# Work instruction
Your copy should hold only the lines from the one with "282,284,294 Lee Lane, Seneca, SC 29678" to the one with "Moderný apartmán v", both included, each exactly as it stands below, with no pictures.

%%

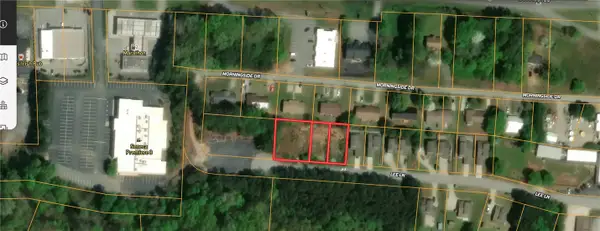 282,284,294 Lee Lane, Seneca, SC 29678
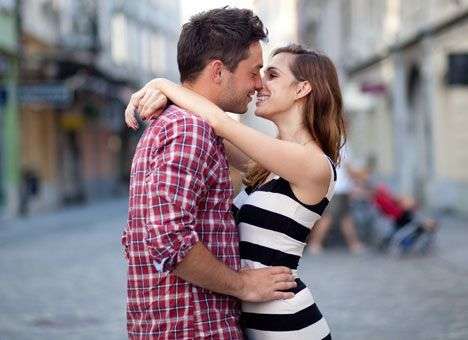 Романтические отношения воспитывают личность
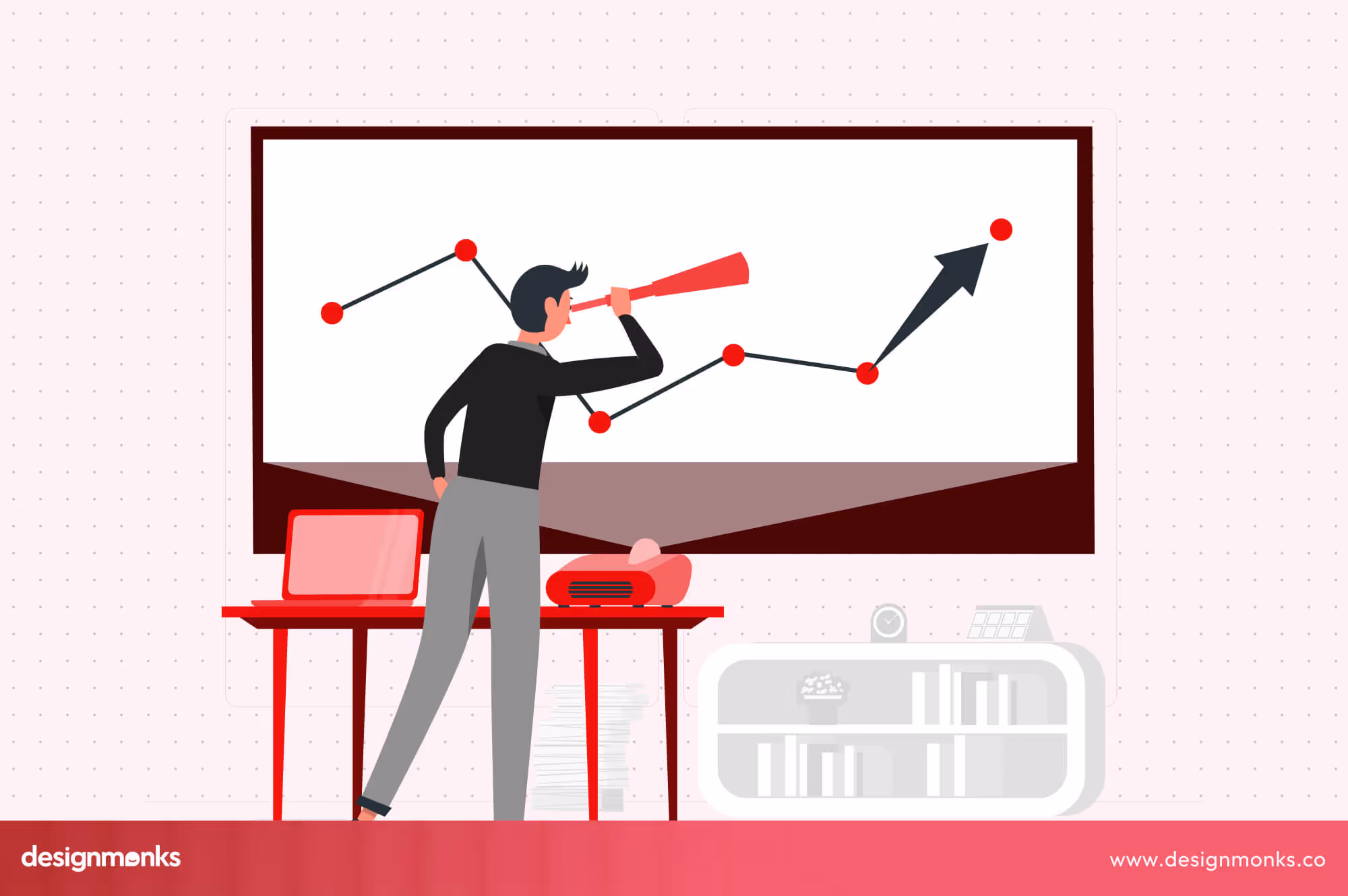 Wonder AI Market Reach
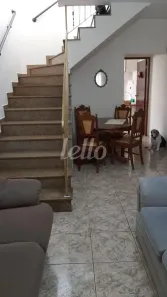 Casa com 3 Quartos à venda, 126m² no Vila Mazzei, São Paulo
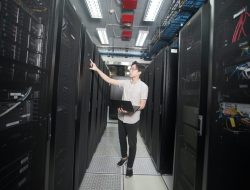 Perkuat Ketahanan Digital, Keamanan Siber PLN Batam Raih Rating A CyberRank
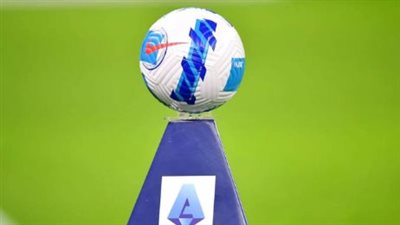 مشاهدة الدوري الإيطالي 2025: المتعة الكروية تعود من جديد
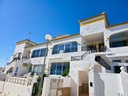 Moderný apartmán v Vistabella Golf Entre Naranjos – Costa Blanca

%%
%%

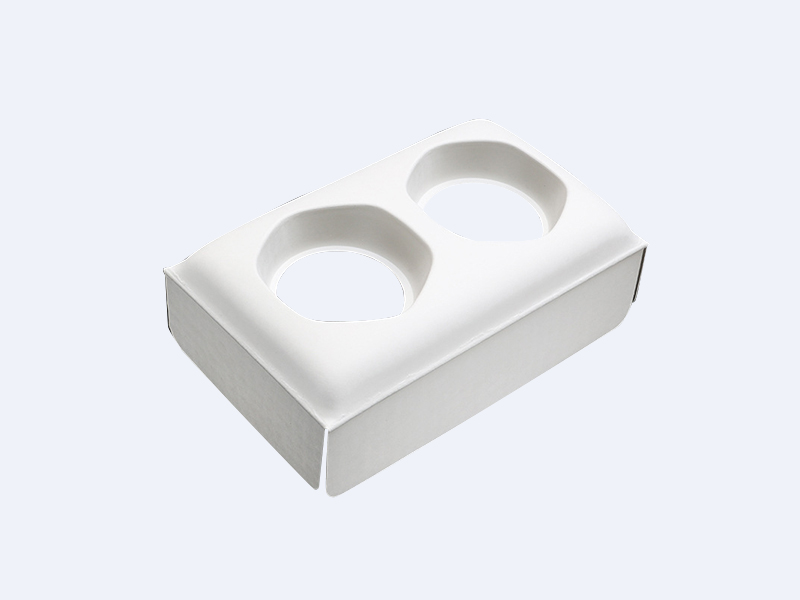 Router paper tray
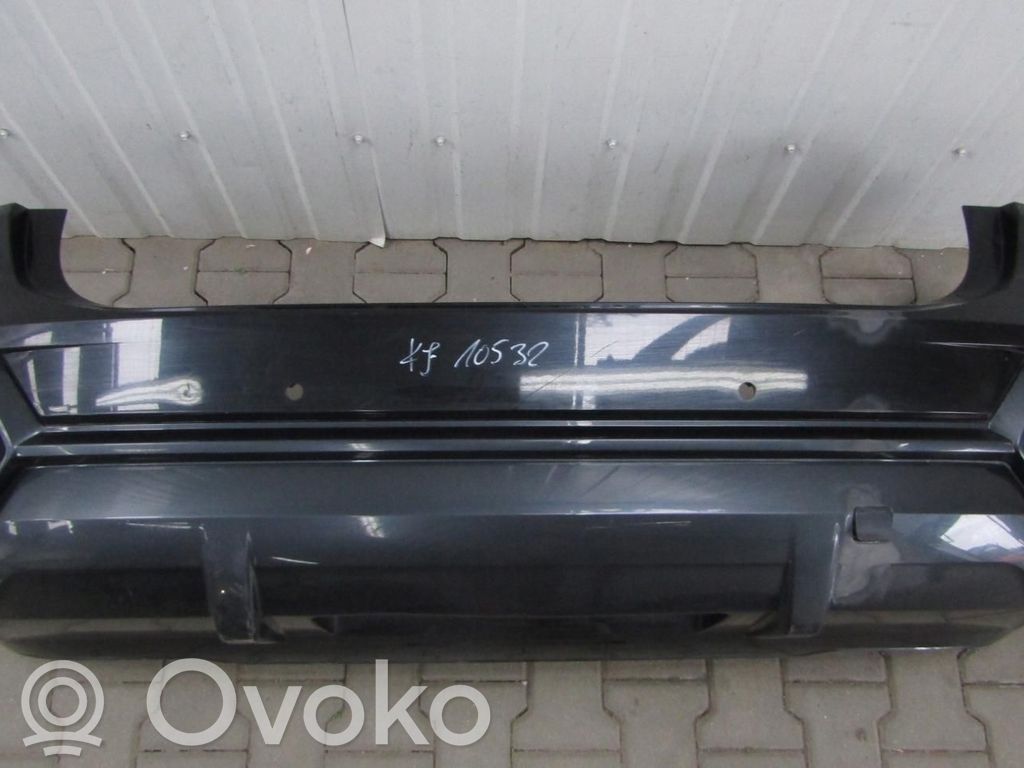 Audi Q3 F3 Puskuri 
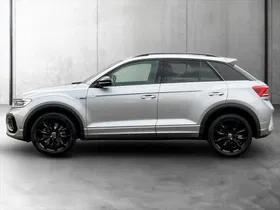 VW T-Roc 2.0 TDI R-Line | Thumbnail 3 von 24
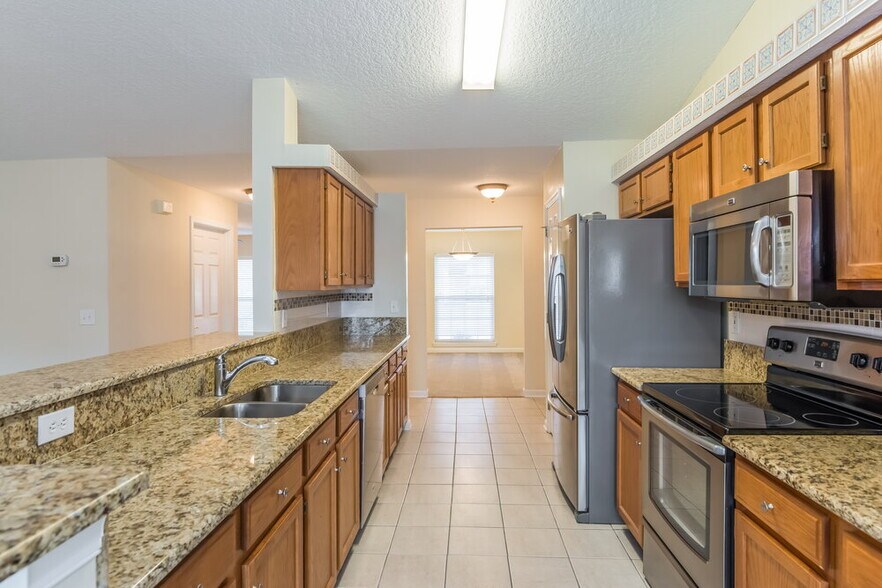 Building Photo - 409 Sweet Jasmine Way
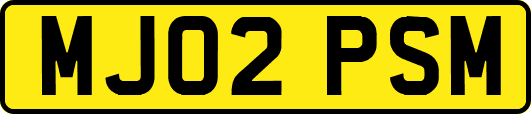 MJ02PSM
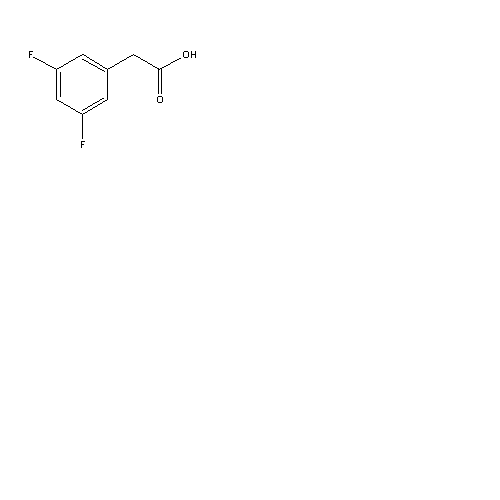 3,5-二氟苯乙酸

%%

# Exercise output
 282,284,294 Lee Lane, Seneca, SC 29678
 Романтические отношения воспитывают личность
 Wonder AI Market Reach
 Casa com 3 Quartos à venda, 126m² no Vila Mazzei, São Paulo
 Perkuat Ketahanan Digital, Keamanan Siber PLN Batam Raih Rating A CyberRank
 مشاهدة الدوري الإيطالي 2025: المتعة الكروية تعود من جديد
 Moderný apartmán v Vistabella Golf Entre Naranjos – Costa Blanca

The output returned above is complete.